Oil and gasoline prices have been falling in recent weeks, which offers hope that July’s inflation number will look better. Commodity prices are also down from their peaks. But this is probably also related to declining demand as the global economy slows. Slower growth as the solution to inflation may be inevitable after so many fiscal and monetary policy mistakes, but it’s a tragedy we have come to this pass.
The greatest tragedy is for American workers, who are suffering the largest reduction in real wages since the 1970s. Real average hourly earnings fell 1% in June alone and are now down 3.6% in the last 12 months. Average real weekly earnings fell even more, 4.4%, because of a decline in the average workweek.
Real wages have fallen in 10 of the last 13 months, and they have now fallen more since President Biden took office than they did during the recession caused by the financial crisis. From December 2008 to a trough in real earnings in February 2012, real average hourly earnings fell 1.8% measured in 1982-1984 dollars, according to BLS. They have fallen 4.8% since January 2021.
The policy implications are clear enough. The Fed has every reason to keep tightening. Real interest rates remain negative, and the Fed has only recently stopped adding to its bloated balance sheet.
The Fed downplays the role of the money supply these days. But to the extent the boom in M2 in 2020 and 2021 played a role in inflation, the rate of money growth has slowed dramatically in recent weeks. Monetary policy works with long and variable lags, as Milton Friedman taught, so by that logic today’s tightening will hit the economy in 2023.
This assumes the Fed doesn’t blink if the jobless rate rises and political criticism follows. Our contributors Phil Gramm and Mike Solon point out that when inflation last approached 9%, in 1973, it went on to average 9% for the next eight years. That’s because policy makers lacked the will to contain it.
As for fiscal policy, rising inflation should take more domestic Congressional spending sprees off the table. That includes a slimmed down, $1 trillion version of Build Back Better and the so-called competitiveness bill now in House-Senate conference.

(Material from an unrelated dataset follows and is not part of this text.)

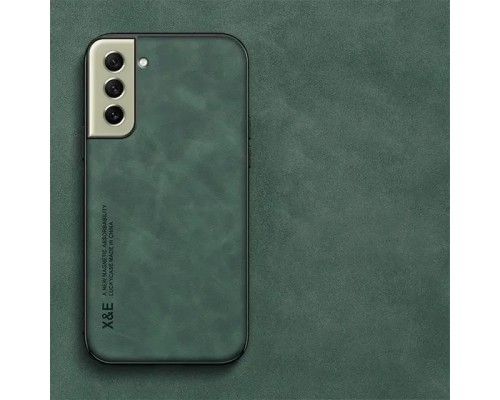 Шкіряний чохол Sheepskin з магнітом для Samsung Galaxy S21 FE Green Шкіряний чохол Sheepskin з магнітом для Samsung Galaxy S21 FE Green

The latter’s $200 billion-$300 billion cost, which will add to the deficit, will do more harm than good.
The argument that a tax increase to reduce the deficit would reduce inflation ignores the damage that higher taxes would do to the supply side of the economy. With interest rates likely to rise sharply, the economy will slow and the timing of a tax increase on businesses and the wealthy couldn’t be worse. Senators Joe Manchin and Kyrsten Sinema can do the country a favor by finally ending the Beltway drama over all of this tax and spending.
The return of virulent inflation didn’t have to happen, and the experience should discredit the policies that brought it on. The splurge of spending in 2020 and 2021, under Presidents Trump and Biden, spurred excessive demand. The Fed kept the monetary spigots open for too long, as Washington became enamored with Modern Monetary Theory.
Whatever short-term financial help to Americans that Democrats provided with their trillions of dollars in welfare payments has been more than offset by inflation. The U.S. needs a return to growth economics rooted in stable money, supply-side tax policy, deregulation and fiscal restraint. That agenda hasn’t been as important since 1980.